Читаем Борисов-Мусатов полностью

«Осеннюю песнь» назвали самым монументальным произведением Мусатова, несмотря на небольшой размер этой пастели. Широта обобщения, лаконизм образного строя связаны здесь с предельной духовной насыщенностью. Музыкальное выражение этой духовности особенно заметно с эскизов «Времен года». Наверное, именно «Осеннюю песню» напоследок показывал Мусатов другу-композитору, и Василенко запомнил признание: «Сюжеты русской природы не играют у меня большой роли, это только предлог. Вот „Березы осенью“ — две пожелтевших березы на фоне синей реки. Но мне хотелось выразить именно музыку умирания природы». «Поэзия уходящего… это те же настроения, какие есть и у первых, самых чистых, рассветных христиан…» — говорилось в полюбившейся Мусатову книге об императоре-«отступнике», написанной в духе переживаемого всеми мусатовскими современниками рубежа времен. Там вспоминались простые и искренние откровения, «гимны всемирной грусти при всемирном закате»: «Блажен, кто… поет пред лицом Твоим, Господи, как арфа…» Мусатов считал, что просто поет перед лицом Природы, не поверяя рассудком, почему, несмотря на печаль последних сюжетов, в то же время так «рассветало» в его душе. Почему та же призрачность, бесплотность, что отличает фигуры в «Реквиеме», теперь светится для него в природе? Что же с ним произошло?..

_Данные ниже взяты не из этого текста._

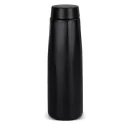 SPICE Calypso 500ml Stainless Steel Drink Bottle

Только он сам, попутно, обмолвками — как всегда говорится самое главное — сказал об этом в разных письмах. «Ее смерть, — писал он о Надежде Юрьевне, — примирила меня со смертью вообще». «В мою душу, я чувствую, вливается какое-то спокойствие». Говоря о «русском мирочувствии» Мусатова, Станюкович привел поразившее его в книге историка И. Забелина описание русской природы: «Невозмутимая тишина и спокойствие во всем, во всех линиях: в воздухе и речном потоке, в линиях леса и поля… во всех красках и тенях, одевающих все существо нашей страны. Как будто все здесь притаилось в ожидании чего-то…». Недаром, увидев «Осеннюю песнь», строгий Нестеров был так восхищен, что, не удержавшись, сказал Станюковичу: «Такая картина цены не знает. Это Божьей рукой написано!»

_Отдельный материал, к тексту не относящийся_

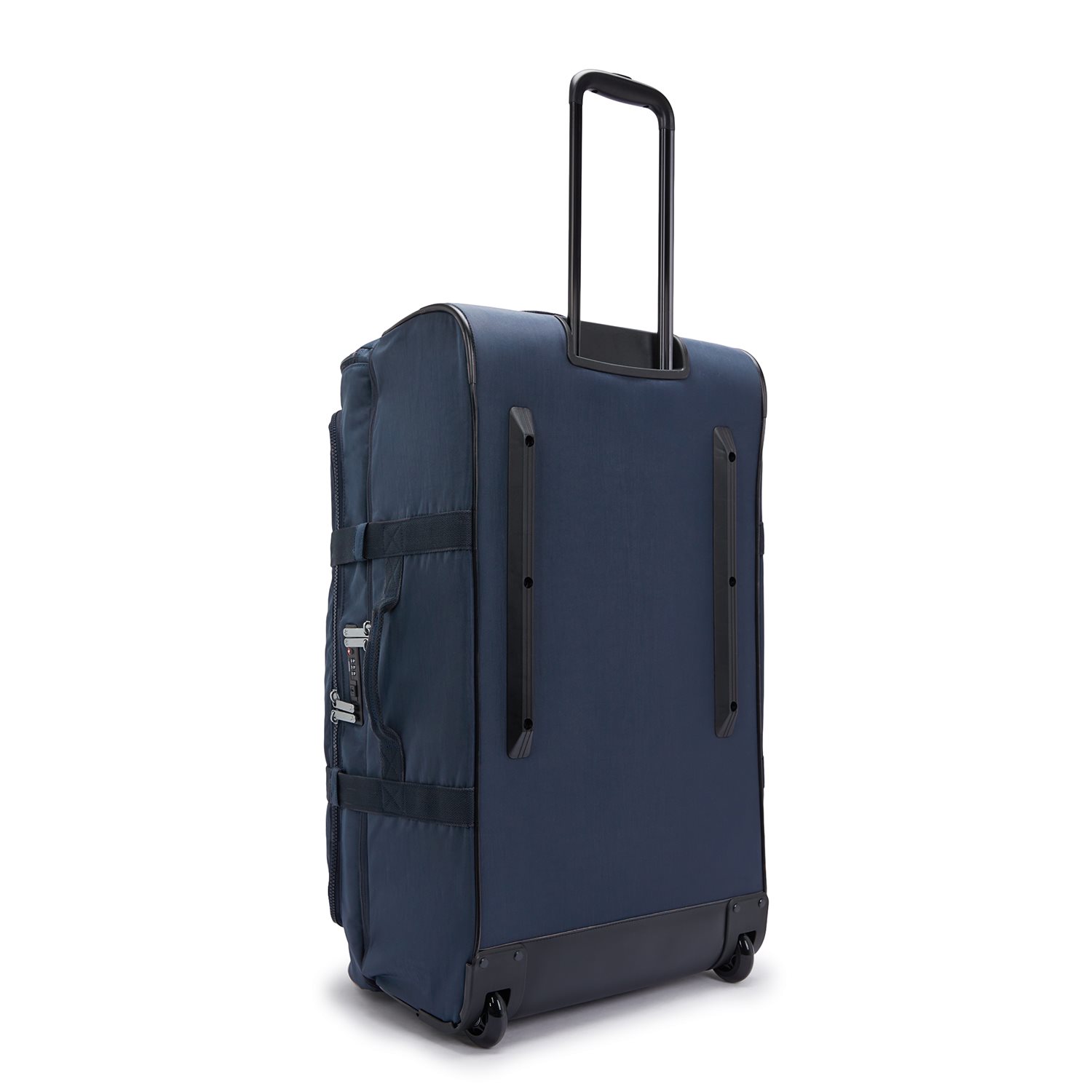 Kipling Aviana L blue bleu 2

Все, что перегорело и выболело в душе художника после пережитой трагедии, вошло в эти рощи, речные дали, небесные просторы. И мусатовские осенние пейзажи 1905 года не случайно приводят на память откровение другого поэта, явившееся ему на том же тарусском берегу:

Горит весь мир, прозрачен и духовен…


Виктор Эльпидифорович проснулся рано. Ночью моросило, к утру дождь стих — день был серым, но обещал безветренную погоду. Впервые за последние дни, когда он чувствовал себя разбитым и простуженным, во всем теле была обычная утренняя бодрость.

Два дня назад, 23 октября, Мусатов написал Лене еще одно тревожное письмо, просил сообщить о московских новостях. Он предполагал дальнейшее серьезное развитие событий, несмотря на царский манифест. «…Теперь, может быть, — писал он сестре, — надо учиться, как делать перевязки… Работа будет. Потому не надо унывать…»

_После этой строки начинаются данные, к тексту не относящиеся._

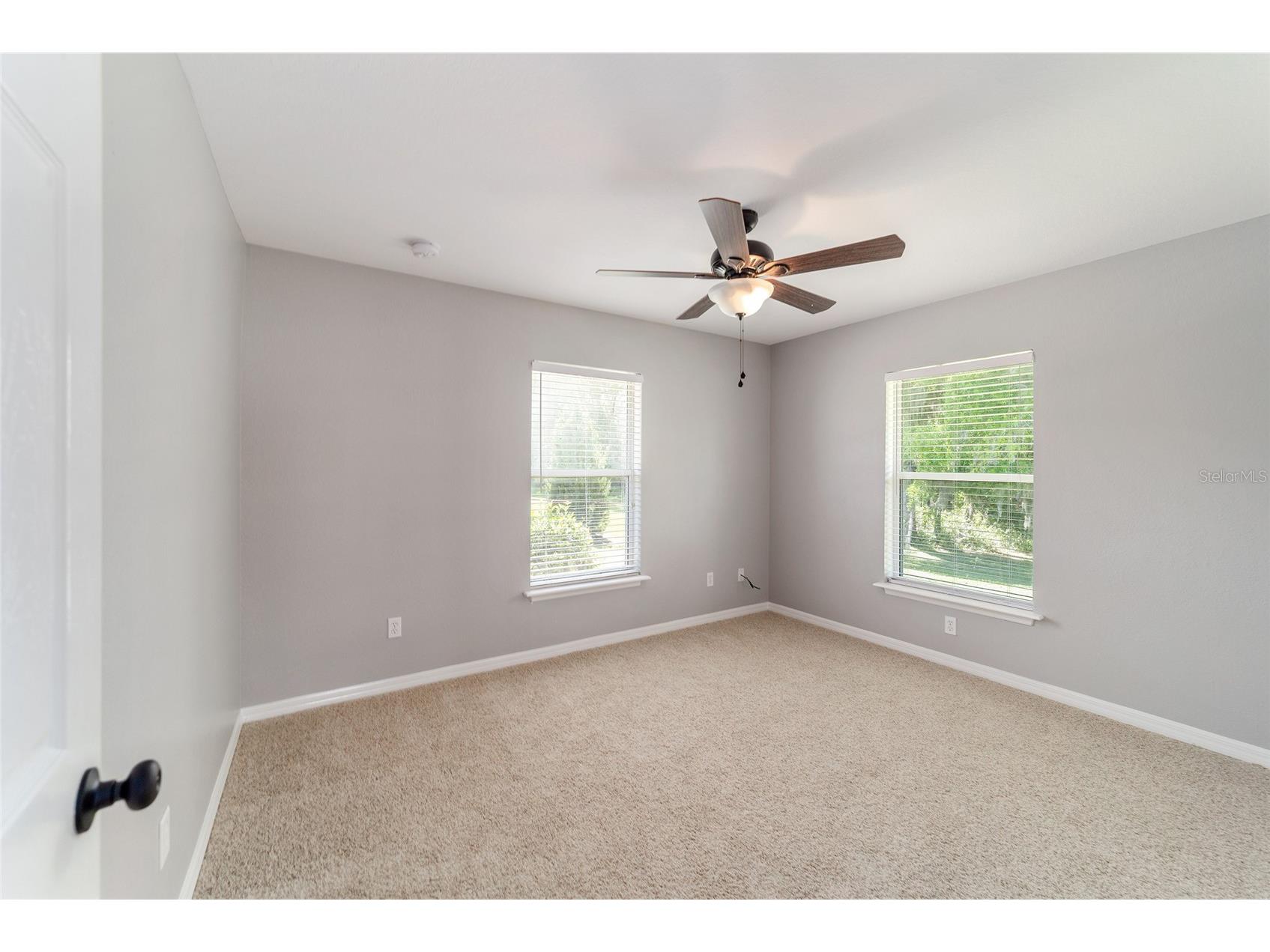 4020 NE 14th Court Ocala FL 34479 OM724991 image47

Из окна спальни не было видно реки — он прошел на веранду. Жена и дочка оставались еще в постели.

Ока была тиха и призывно поблескивала сквозь туман. Виктор Эльпидифорович почувствовал, как стосковался по веслам. Он сошел по крутой деревянной лестнице, пошел по тропинке, отодвинул плечом облетевший и брызнувший в лицо холодной влагой куст орешника, который он уже написал. А «Реквием» — мелькнуло — не дописан. Ничего, еще несколько дней, пожалуй. Это успеется… Неодолимое желание отправиться по реке было странно похоже на то молодое, с каким давным-давно отправлялся он на «чуть ли не таинственный» Зеленый остров у родного города…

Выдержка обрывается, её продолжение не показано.